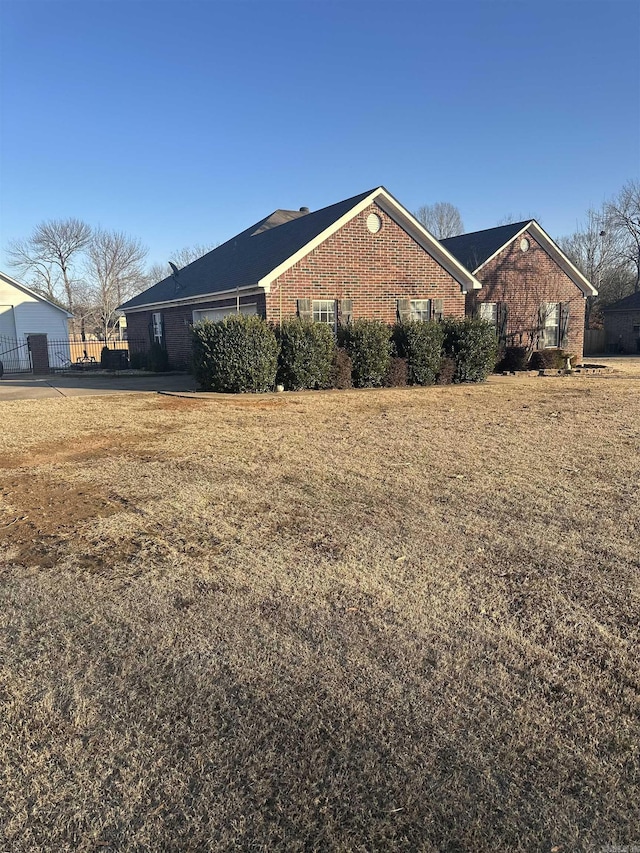 view of home's exterior featuring a lawn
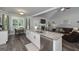 Bright kitchen featuring a large island with sink and dishwasher, seamlessly connecting to the dining and living areas at 433 Wilson Dr, Mcdonough, GA 30252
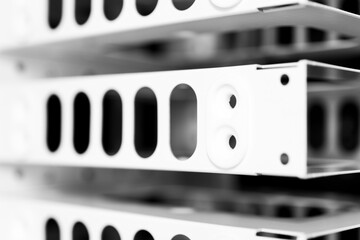 Metal frame construction. Several metal compartments for equipment. Oval holes. Dark background. Front view close-up. Black and white tones.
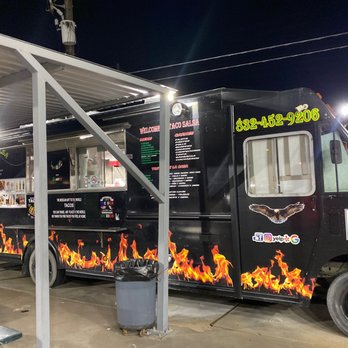 Taco Salsa - a black food truck with flames on the side - Food Trucks Near Me - Houston, Texas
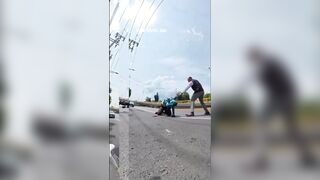 bald thug got out in a rage and brutally beat a cyclist in the middle of the street.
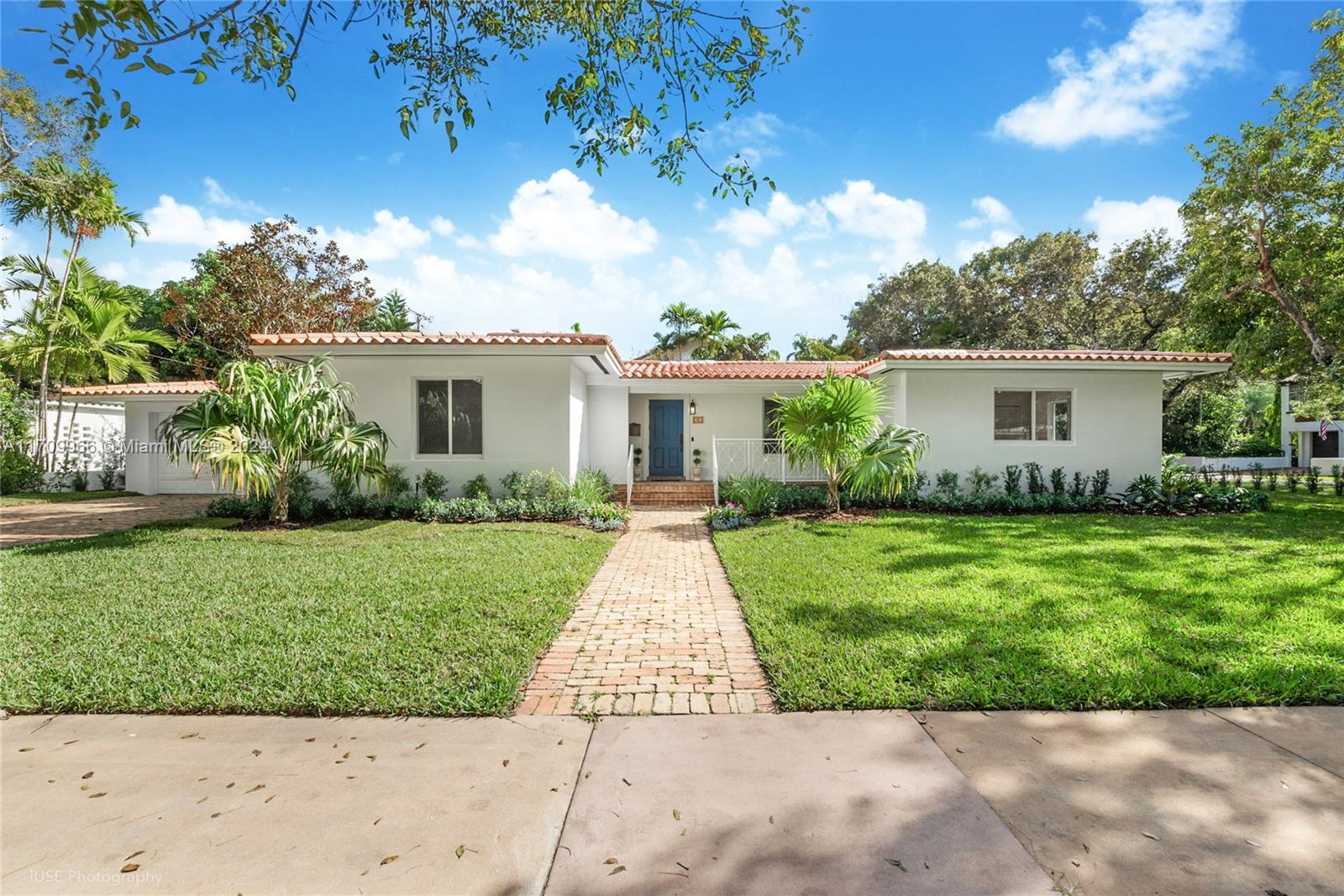 Experience the charm of Coral Gables w/this pristine 1-story home, immediately available for rent. Nestled on a spacious 12,600 sqft. corner lot, this residence boasts 3 bedrooms, 2.5 bathrooms, & bright, sunlit spaces in every room. Enjoy peace of mind w/impact glass throughout, complemented by updated kitchens & baths, new blinds, light fixtures, and SS appliances. Home features tile floors in the main living areas & beautifully stained wood floors in bedrooms. Generously sized closets & abundant storage space add convenience, while a laundry room w/a utility sink enhances functionality. The property includes a one-car garage, a carport, & Chicago brick driveway. Perfectly located between Bird Road & Granada, near the iconic Biltmore Hotel, this is a spectacular rental opportunity!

## Work request
In the entries above, find the line with "Metal frame construction." and the line with "bald thug got". Return exactly those lines and all the ones between them, pictures excluded.

## Output of the exercise
 Metal frame construction. Several metal compartments for equipment. Oval holes. Dark background. Front view close-up. Black and white tones.
 Taco Salsa - a black food truck with flames on the side - Food Trucks Near Me - Houston, Texas
 bald thug got out in a rage and brutally beat a cyclist in the middle of the street.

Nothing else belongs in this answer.